Sim, estou falando de Marcelo, especialista em permanecer em cima do muro — posição desconfortável, diga-se, porque o muro costuma ter caco de vidro quando o jogo aperta. Ele observa o grupo mais forte com aquele olhar de quem avalia se pula agora ou espera o intervalo comercial. Enquanto isso, assiste de camarote ao massacre da antiga turminha, torcendo para que ninguém perceba que ele ainda está oficialmente ali.
Porque, convenhamos, entrar no Big Brother Brasil para disputar cinco milhões de reais não é excursão para clube recreativo. Piscina é cenário, não estratégia. Pose rende close, mas não garante sobrevivência.
É preciso se posicionar. Armar jogadas. Confiar — ou fingir muito bem que confia — no próprio grupo. Ser mais rápido que os adversários e, principalmente, menos transparente que o vidro do box do banheiro.

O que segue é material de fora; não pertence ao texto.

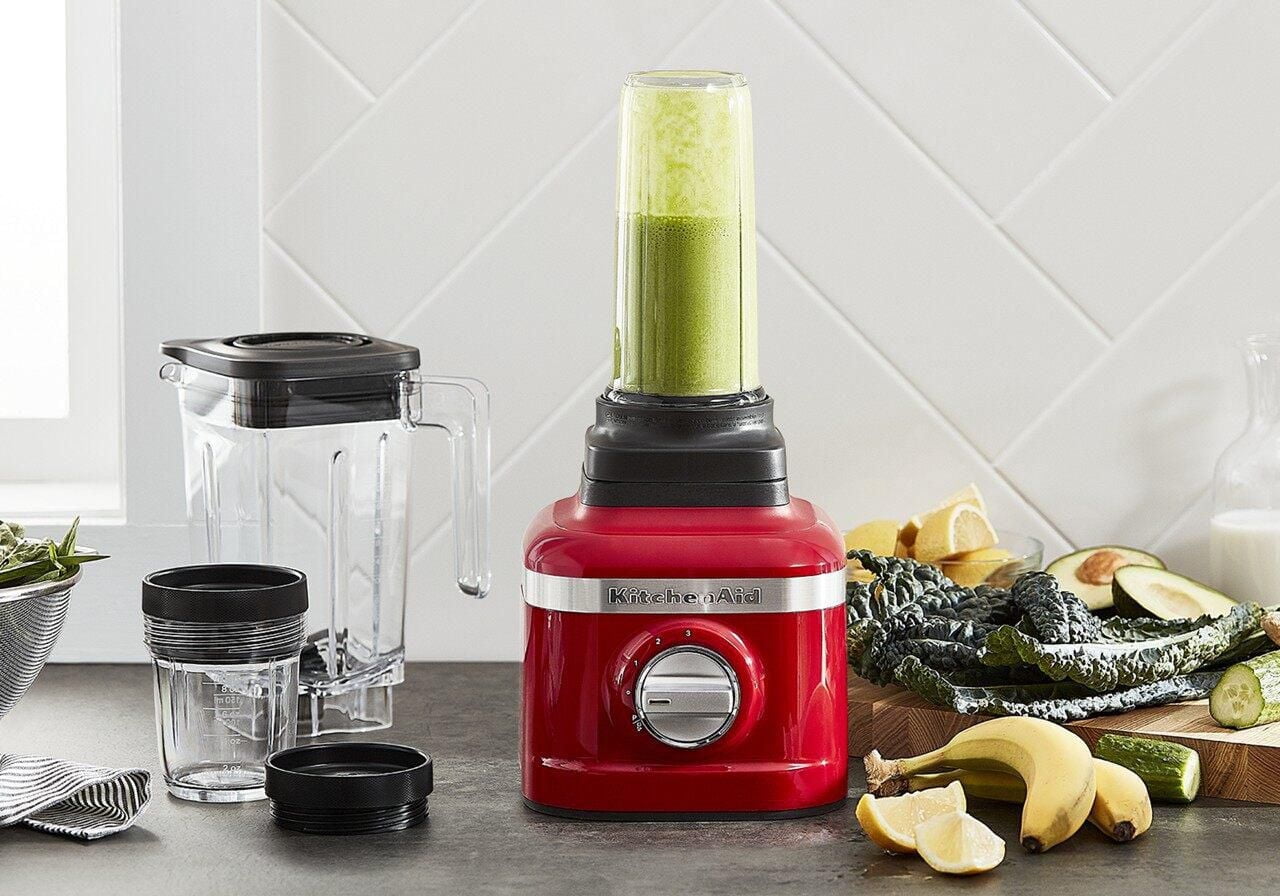 KitchenAid® 3 Speed Ice Crushing Blender With 2 Personal Blender Jars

O curioso é que, no meio do caos, batem palmas. Não para quem dança conforme a música, mas para quem rege a orquestra. No sincerão, aplaudem a melhor jogadora que leva punição da edição, falta de respeito.
Babu comemorou a permanência de forma efusiva, não se despediu de Sarah e ainda provocou Jonas ao lembrar que continuava no jogo — atitude que foi interpretada por muitos como desrespeitosa. Do outro lado, aliados de Sarah passaram a desconfiar que a berlinda pudesse ser um paredão falso, levantando teorias.
Enquanto Marcelo continua ali, equilibrando-se entre dois mundos, como quem tenta decidir se atravessa a rua… depois que o caminhão já passou por cima do seu time.
No BBB, neutralidade raramente é virtude. Geralmente é só atraso de decisão — e atraso, nesse jogo, custa caro. Muito caro. Cinco milhões, para ser mais exato.